**What you will do**
This exercise calls for the whole listing to be given again exactly, without images.

**Source data**
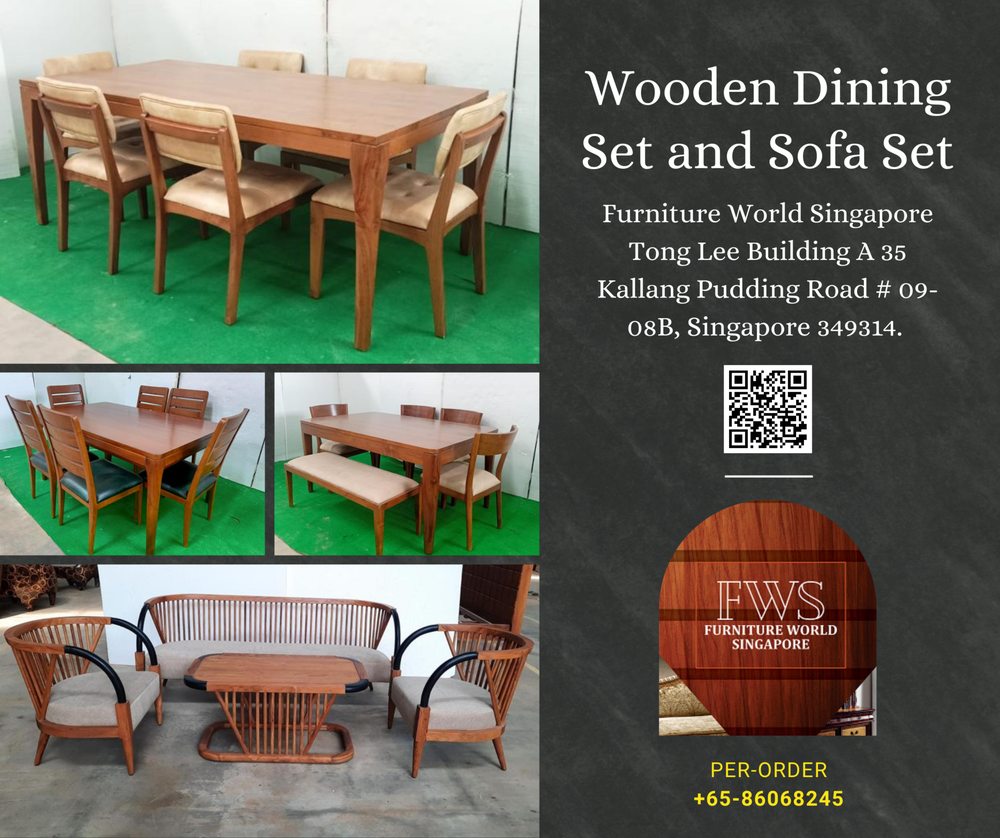 FURNITURE WORLD SINGAPORE Updated September 2024 30 Photos 10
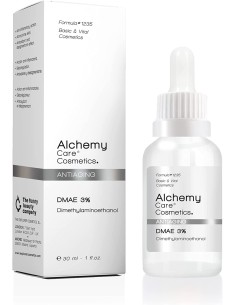 Oferta - Alchemy Care Cosmetics Dmae 3% Sérum Antiedad 30 ml
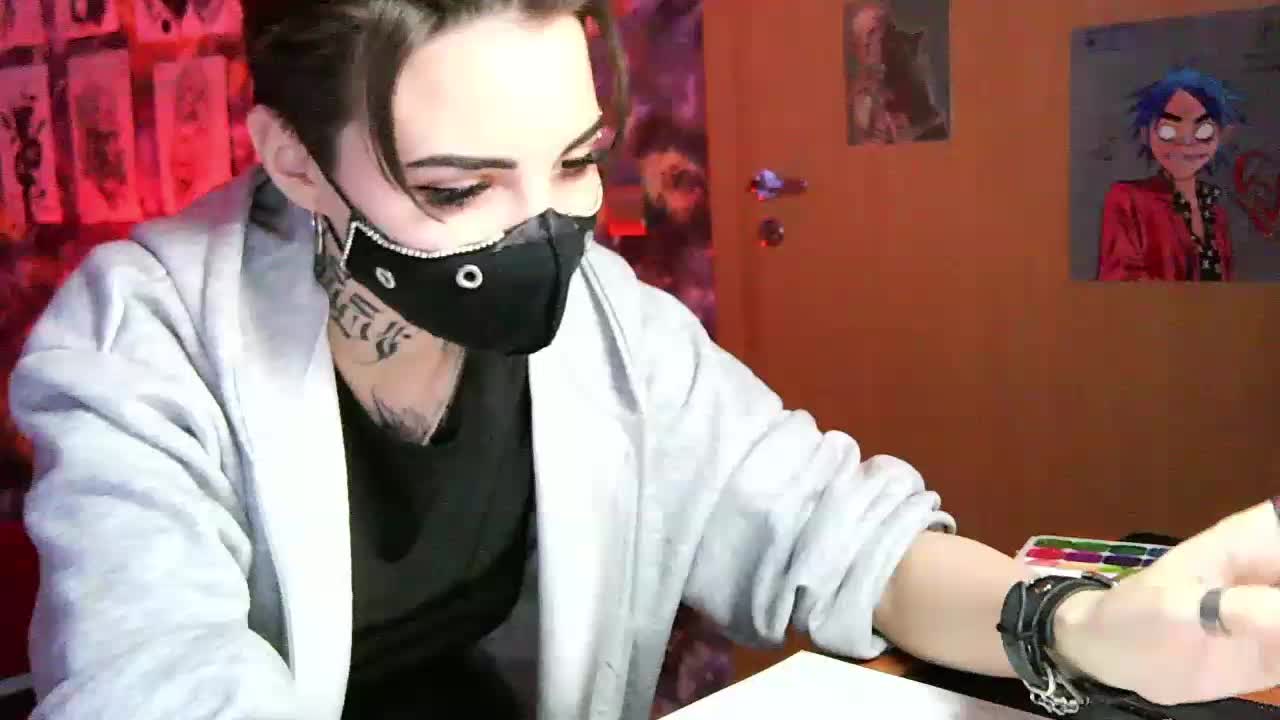 Dark-Pictur- Приват Записи 2026-04-07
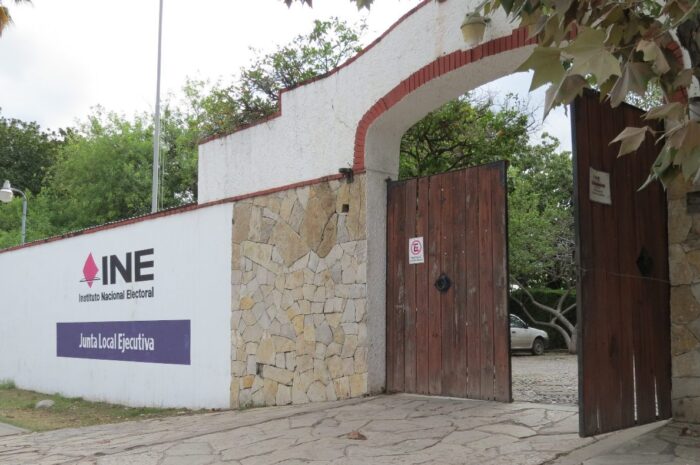 Nueva convocatoria del INE para elegir consejeros del IETAM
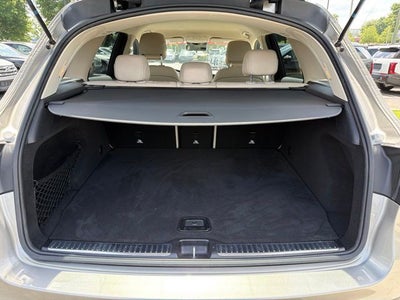 2022 Mercedes-Benz GLC GLC 300 CLEAN CARFAX 1-OWNER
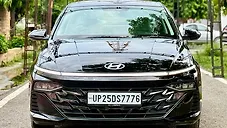 Used Hyundai Verna SX 1.5 Petrol IVT in Lucknow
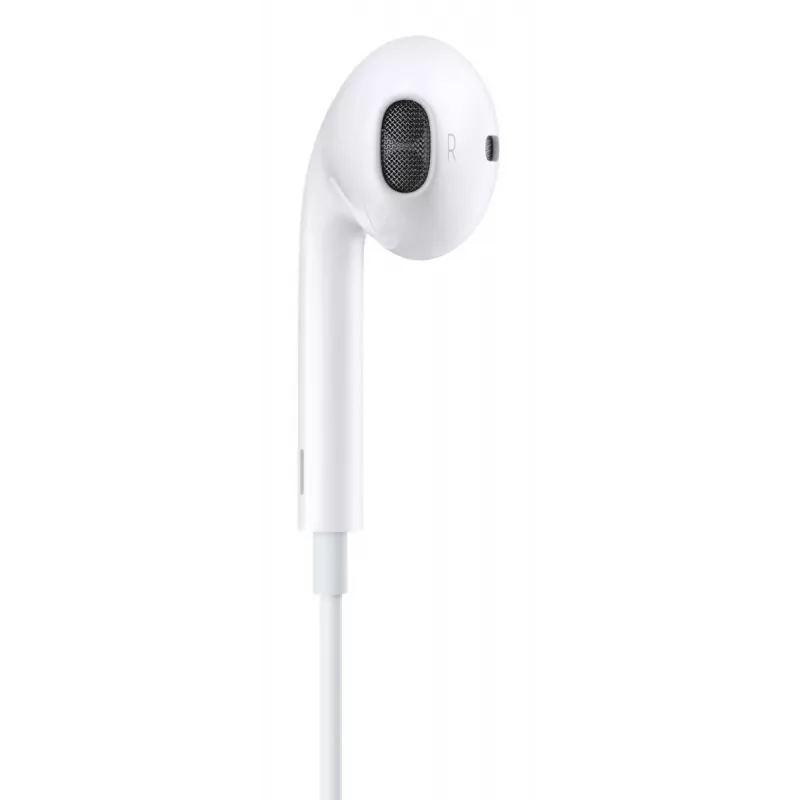 Headset Apple EarPods (3.5mm Headphone Plug)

**Output of the exercise**
 FURNITURE WORLD SINGAPORE Updated September 2024 30 Photos 10
 Oferta - Alchemy Care Cosmetics Dmae 3% Sérum Antiedad 30 ml
 Dark-Pictur- Приват Записи 2026-04-07
 Nueva convocatoria del INE para elegir consejeros del IETAM
 2022 Mercedes-Benz GLC GLC 300 CLEAN CARFAX 1-OWNER
 Used Hyundai Verna SX 1.5 Petrol IVT in Lucknow
 Headset Apple EarPods (3.5mm Headphone Plug)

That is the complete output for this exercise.